Start of Information provided
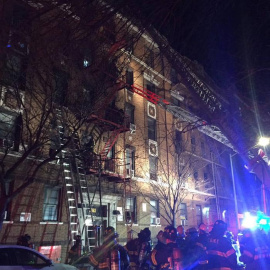 Bomberos de Nueva York trabajan en el lugar del incendio. | EFE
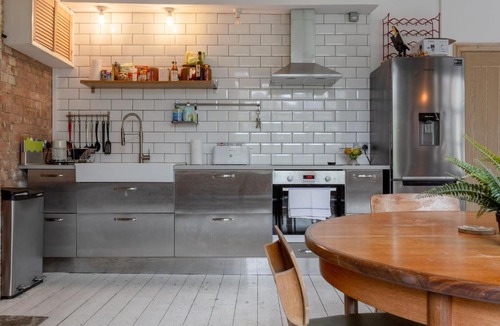 Victoria Apartment | Industrial Open Plan Studio in Hackney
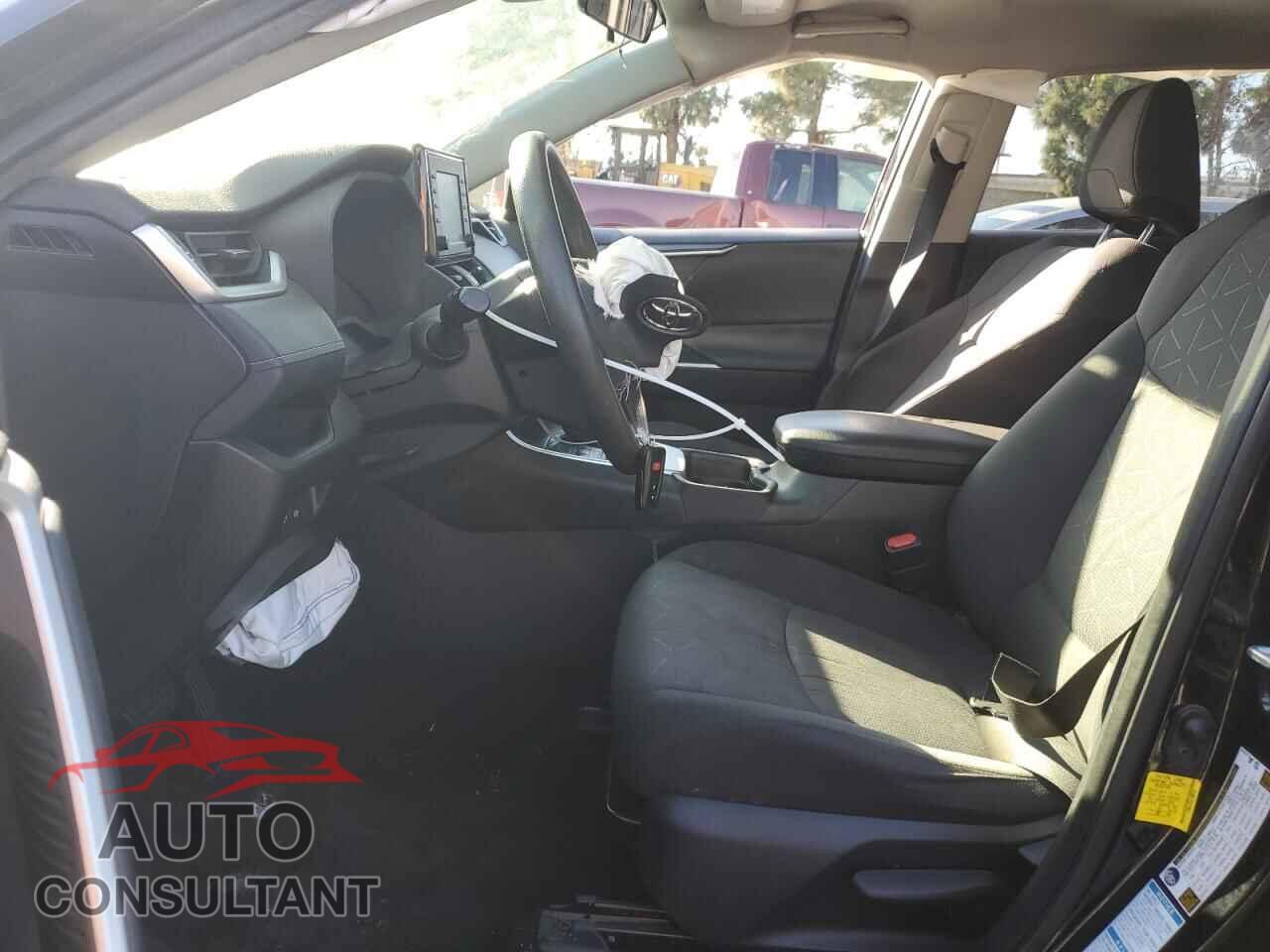 TOYOTA RAV4 2019 - JTMP1RFV4KD008424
End of Information provided
> Your task:
Transcribe the whole listing exactly as it stands, apart from the pictures.

> Output below:
 Bomberos de Nueva York trabajan en el lugar del incendio. | EFE
 Victoria Apartment | Industrial Open Plan Studio in Hackney
 TOYOTA RAV4 2019 - JTMP1RFV4KD008424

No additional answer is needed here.